**What the exercise asks**
With pictures left out, retype exactly the lines from the one containing "So once again, brand" through the final line of the entries.

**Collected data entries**
____
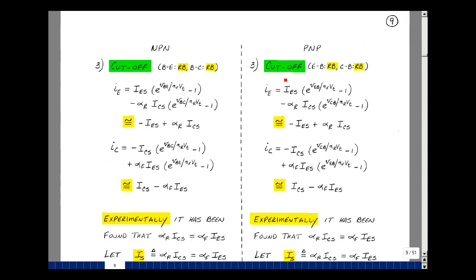Let's see what relationships hold in cutoff, where we reverse bias both junctions. The small exponential terms times small saturation currents are negligible on both sides. What we're left with for I_E is I_Es times minus 1, minus alpha R times I_Cs times minus 1. For the collector current, similarly the exponential terms are negligible, leaving plus I_Cs minus alpha F times I_Es.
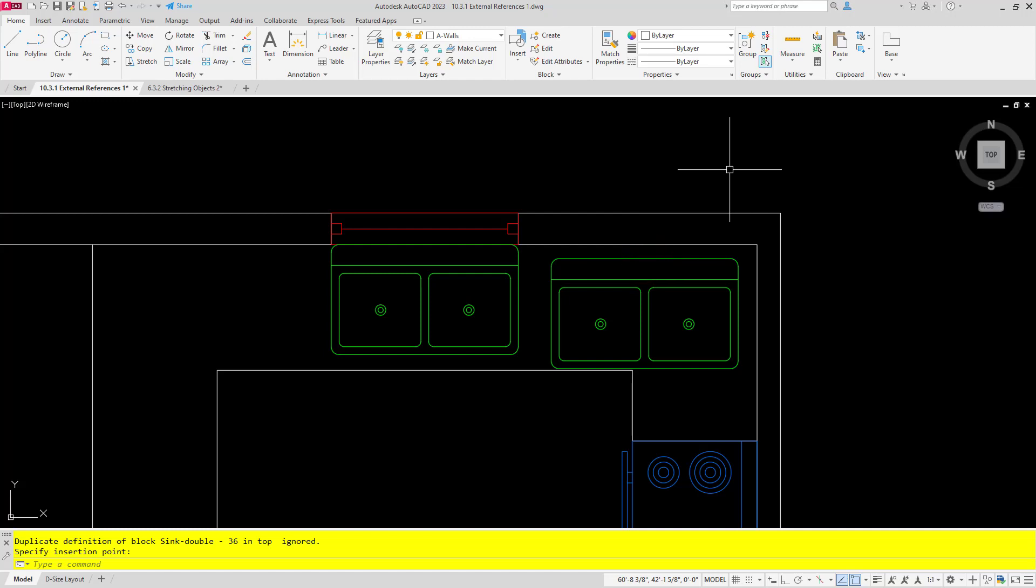So once again, brand new feature in AutoCAD 2023 is to be able to cut and paste using a base point, but then you also have that option to copy and paste with the base point as well. Please like and subscribe and watch out for some additional videos showing you some of the neat new features in AutoCAD 2023. Thanks for watching.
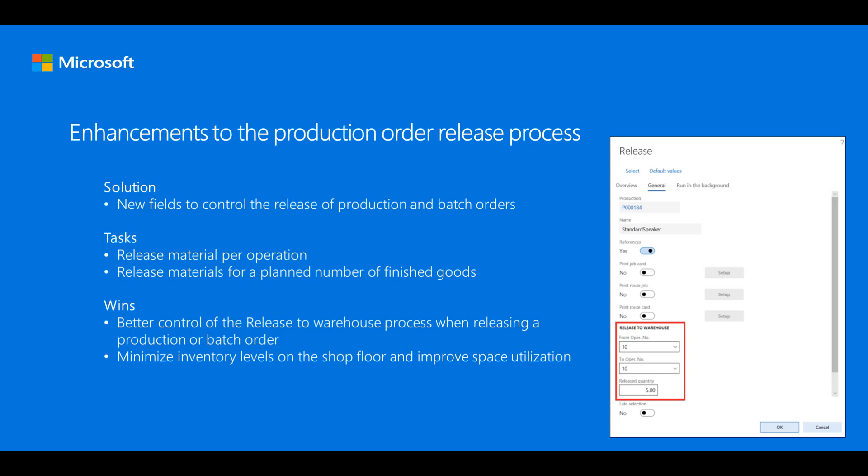With these new capabilities, it's easier to control the amount of materials that you release and avoid building up unnecessary inventory on the shop floor.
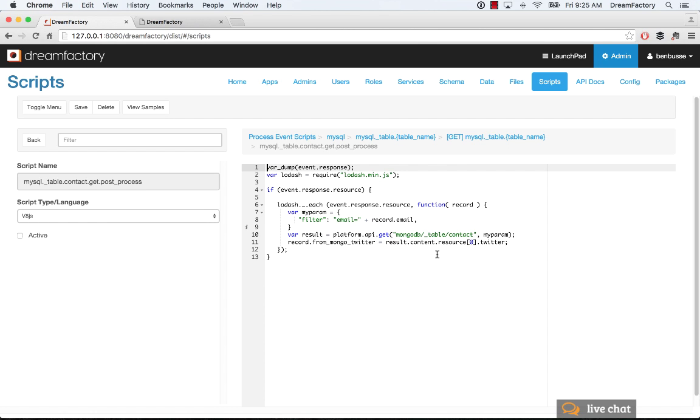So that occurs, again, on the GET or the return call of an API call.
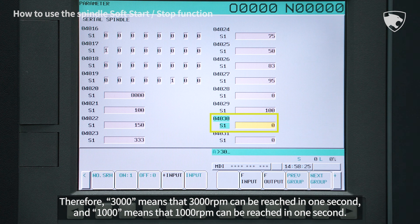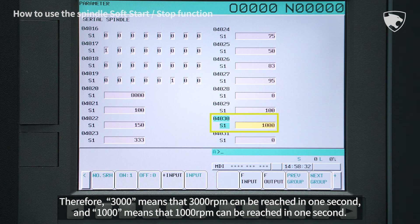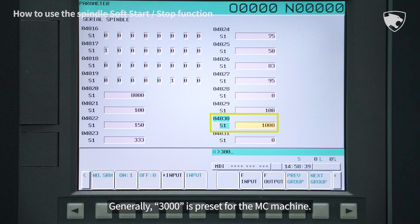Therefore, 3000 means that 3000 RPM can be reached in one second, and 1000 means that 1000 RPM can be reached in one second. Generally, 3000 is preset for the MC machine.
____
**Expected output**
So once again, brand new feature in AutoCAD 2023 is to be able to cut and paste using a base point, but then you also have that option to copy and paste with the base point as well. Please like and subscribe and watch out for some additional videos showing you some of the neat new features in AutoCAD 2023. Thanks for watching.
With these new capabilities, it's easier to control the amount of materials that you release and avoid building up unnecessary inventory on the shop floor.
So that occurs, again, on the GET or the return call of an API call.
Therefore, 3000 means that 3000 RPM can be reached in one second, and 1000 means that 1000 RPM can be reached in one second. Generally, 3000 is preset for the MC machine.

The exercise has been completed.